=== Section Start ===

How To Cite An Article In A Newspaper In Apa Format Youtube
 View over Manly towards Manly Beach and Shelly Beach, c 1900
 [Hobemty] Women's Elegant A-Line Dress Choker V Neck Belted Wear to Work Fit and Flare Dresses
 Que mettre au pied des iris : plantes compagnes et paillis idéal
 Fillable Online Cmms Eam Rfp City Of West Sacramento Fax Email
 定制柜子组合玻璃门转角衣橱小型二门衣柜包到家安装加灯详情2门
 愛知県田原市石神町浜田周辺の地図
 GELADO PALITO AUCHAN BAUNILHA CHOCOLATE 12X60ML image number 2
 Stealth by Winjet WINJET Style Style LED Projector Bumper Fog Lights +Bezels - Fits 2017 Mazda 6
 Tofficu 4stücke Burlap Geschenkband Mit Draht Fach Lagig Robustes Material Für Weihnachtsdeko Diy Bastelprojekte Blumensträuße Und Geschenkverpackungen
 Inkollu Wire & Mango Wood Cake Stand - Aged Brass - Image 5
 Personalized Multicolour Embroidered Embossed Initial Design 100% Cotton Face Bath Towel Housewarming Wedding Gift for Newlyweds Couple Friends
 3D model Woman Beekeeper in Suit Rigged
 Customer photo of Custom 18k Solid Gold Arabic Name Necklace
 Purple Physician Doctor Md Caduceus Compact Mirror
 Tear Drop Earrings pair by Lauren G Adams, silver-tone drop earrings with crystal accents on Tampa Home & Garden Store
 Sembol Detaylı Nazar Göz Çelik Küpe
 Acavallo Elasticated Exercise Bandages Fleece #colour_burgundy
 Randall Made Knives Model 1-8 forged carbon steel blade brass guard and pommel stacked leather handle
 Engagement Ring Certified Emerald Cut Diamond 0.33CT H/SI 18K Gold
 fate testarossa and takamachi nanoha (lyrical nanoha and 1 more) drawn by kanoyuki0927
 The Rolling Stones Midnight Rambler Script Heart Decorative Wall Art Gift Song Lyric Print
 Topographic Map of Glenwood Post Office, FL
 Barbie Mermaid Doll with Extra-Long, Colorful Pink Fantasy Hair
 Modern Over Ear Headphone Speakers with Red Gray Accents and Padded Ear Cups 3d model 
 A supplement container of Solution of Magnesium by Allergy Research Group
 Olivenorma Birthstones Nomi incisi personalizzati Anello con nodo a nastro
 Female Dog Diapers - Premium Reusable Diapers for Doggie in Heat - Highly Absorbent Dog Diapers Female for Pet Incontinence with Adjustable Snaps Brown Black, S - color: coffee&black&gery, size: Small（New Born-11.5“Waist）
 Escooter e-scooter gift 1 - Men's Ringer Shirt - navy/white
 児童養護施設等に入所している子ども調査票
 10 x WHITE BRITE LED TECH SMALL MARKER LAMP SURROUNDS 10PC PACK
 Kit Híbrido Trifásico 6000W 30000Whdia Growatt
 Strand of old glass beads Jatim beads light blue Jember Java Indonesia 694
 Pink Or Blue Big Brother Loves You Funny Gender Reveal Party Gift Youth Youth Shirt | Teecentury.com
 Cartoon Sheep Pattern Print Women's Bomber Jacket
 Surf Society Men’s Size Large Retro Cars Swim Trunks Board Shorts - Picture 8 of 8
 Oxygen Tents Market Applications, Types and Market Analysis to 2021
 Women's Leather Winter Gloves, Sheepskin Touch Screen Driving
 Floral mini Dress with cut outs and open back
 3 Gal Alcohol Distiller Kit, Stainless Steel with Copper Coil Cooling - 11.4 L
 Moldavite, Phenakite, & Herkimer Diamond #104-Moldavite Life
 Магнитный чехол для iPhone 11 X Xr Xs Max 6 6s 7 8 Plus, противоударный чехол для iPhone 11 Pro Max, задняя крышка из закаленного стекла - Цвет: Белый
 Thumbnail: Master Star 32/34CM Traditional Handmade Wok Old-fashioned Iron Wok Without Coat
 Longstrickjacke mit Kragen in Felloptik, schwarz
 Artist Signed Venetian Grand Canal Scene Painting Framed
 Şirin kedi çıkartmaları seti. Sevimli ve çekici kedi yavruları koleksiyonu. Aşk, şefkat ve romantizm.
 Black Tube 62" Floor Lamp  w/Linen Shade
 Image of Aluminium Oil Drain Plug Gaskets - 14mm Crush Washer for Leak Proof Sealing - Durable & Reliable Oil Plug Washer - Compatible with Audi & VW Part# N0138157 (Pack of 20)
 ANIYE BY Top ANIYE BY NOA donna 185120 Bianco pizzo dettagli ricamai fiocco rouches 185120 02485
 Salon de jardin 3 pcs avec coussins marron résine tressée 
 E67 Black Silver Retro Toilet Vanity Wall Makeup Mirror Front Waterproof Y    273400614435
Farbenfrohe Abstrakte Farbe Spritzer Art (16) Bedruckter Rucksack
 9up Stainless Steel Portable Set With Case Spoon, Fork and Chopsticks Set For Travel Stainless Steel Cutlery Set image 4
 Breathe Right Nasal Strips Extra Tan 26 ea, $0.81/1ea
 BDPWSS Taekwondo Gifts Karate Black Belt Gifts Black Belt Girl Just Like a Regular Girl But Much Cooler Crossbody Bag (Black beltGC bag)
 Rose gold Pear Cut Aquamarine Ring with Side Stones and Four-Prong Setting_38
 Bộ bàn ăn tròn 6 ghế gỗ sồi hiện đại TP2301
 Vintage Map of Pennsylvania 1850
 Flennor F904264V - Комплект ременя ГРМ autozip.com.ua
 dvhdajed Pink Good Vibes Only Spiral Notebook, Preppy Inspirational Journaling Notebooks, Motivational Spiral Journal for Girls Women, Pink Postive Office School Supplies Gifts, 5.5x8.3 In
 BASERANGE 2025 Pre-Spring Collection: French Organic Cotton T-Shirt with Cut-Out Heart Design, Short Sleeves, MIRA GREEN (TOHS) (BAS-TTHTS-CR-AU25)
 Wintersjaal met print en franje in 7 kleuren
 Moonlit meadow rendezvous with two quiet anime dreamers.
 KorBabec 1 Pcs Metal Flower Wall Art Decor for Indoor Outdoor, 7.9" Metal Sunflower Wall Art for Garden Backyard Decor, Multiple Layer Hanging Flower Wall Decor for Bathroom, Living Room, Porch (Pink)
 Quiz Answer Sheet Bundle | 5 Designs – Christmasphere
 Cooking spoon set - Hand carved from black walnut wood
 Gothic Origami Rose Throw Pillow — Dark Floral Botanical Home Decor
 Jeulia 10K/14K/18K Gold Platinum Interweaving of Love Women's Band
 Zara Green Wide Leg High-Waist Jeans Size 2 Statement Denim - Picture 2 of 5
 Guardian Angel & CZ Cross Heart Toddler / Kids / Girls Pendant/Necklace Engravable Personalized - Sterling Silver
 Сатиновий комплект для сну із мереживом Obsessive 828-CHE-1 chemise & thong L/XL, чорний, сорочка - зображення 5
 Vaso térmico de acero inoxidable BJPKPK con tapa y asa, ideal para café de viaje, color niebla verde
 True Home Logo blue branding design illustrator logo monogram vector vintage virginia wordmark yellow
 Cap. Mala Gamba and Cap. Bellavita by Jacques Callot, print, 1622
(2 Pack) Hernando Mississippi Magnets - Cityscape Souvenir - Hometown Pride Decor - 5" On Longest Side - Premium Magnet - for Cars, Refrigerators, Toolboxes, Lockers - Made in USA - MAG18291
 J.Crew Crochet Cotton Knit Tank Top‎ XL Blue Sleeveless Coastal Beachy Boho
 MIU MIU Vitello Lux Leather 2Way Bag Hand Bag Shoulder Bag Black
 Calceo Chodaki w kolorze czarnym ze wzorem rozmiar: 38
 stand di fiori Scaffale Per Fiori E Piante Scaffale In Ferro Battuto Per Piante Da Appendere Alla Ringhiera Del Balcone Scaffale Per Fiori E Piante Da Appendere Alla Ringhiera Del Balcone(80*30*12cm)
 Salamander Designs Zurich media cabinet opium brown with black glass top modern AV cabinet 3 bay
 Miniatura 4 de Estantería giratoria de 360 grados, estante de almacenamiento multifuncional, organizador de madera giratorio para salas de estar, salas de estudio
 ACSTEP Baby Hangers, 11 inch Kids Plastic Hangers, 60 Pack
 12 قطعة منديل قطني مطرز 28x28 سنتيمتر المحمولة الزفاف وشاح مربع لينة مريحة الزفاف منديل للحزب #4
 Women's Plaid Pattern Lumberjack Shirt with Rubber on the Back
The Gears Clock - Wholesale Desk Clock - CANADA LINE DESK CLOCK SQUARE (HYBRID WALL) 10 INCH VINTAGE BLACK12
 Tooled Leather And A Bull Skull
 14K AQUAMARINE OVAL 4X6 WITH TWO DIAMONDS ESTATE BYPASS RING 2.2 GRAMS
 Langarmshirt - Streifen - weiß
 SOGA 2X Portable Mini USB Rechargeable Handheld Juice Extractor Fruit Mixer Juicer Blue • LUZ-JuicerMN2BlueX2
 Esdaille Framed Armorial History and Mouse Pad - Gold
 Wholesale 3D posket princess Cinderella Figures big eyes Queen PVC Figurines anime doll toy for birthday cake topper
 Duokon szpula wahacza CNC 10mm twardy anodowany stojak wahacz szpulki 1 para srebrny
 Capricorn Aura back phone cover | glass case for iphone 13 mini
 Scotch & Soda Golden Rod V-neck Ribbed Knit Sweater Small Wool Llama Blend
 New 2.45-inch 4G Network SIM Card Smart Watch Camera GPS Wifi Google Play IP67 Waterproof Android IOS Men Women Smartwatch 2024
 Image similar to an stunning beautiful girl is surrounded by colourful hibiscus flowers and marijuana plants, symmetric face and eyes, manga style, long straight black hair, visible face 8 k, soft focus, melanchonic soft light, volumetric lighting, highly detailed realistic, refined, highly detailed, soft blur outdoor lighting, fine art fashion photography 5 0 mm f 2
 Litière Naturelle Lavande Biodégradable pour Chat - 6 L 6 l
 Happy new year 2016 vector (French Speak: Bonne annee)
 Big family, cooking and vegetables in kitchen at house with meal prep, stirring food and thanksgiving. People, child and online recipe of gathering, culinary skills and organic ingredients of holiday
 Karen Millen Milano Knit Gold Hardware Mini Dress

=== Section End ===

» **Instructions to follow**
Of the entries above, tally the lines with "Designs" in them. Only the total should be given.

» **Response to the exercise**
2